Activity: Give back the exact lines of the material below from the one containing "The center of" through the one containing "And that is", and no pictures.

Listed entries:
******

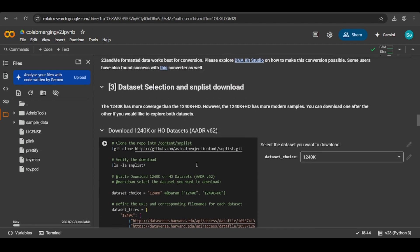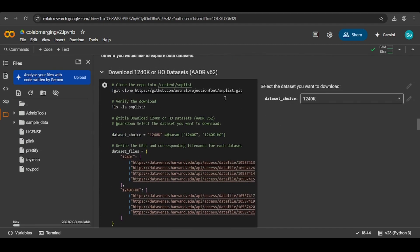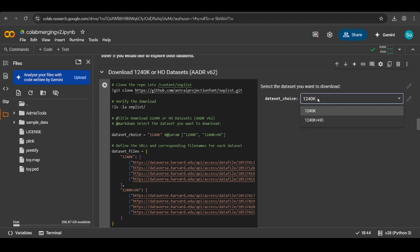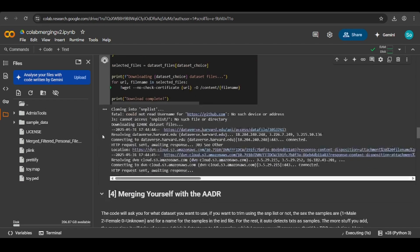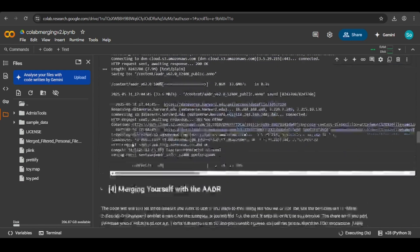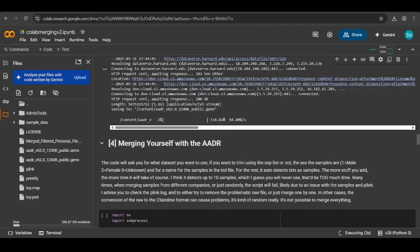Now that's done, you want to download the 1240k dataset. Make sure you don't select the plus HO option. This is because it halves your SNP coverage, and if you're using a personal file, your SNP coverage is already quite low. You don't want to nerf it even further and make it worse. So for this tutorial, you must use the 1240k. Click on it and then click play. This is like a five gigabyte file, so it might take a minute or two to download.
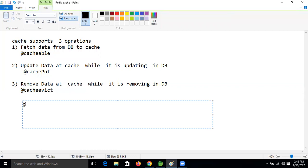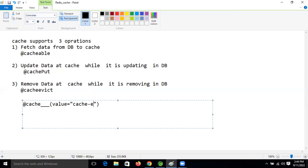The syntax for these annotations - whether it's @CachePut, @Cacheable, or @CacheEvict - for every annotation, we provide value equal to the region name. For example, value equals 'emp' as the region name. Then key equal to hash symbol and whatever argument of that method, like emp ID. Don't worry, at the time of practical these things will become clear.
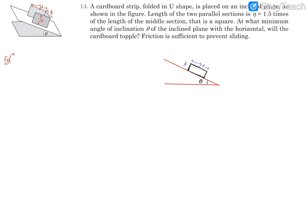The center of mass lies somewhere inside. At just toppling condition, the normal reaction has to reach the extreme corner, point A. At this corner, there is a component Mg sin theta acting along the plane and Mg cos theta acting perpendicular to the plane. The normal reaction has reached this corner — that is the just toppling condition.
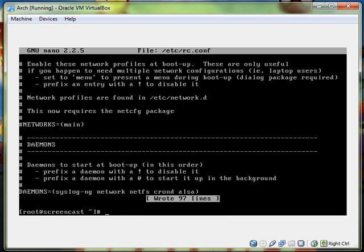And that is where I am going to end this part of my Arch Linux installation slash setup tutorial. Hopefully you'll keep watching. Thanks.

******

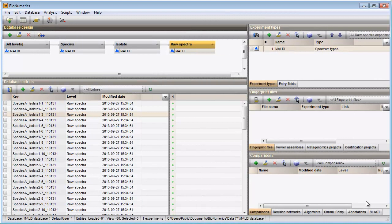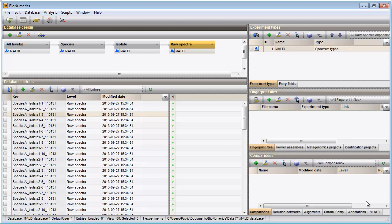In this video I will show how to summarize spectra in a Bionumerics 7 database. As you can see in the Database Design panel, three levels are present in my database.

******

Your response:
The center of mass lies somewhere inside. At just toppling condition, the normal reaction has to reach the extreme corner, point A. At this corner, there is a component Mg sin theta acting along the plane and Mg cos theta acting perpendicular to the plane. The normal reaction has reached this corner — that is the just toppling condition.
And that is where I am going to end this part of my Arch Linux installation slash setup tutorial. Hopefully you'll keep watching. Thanks.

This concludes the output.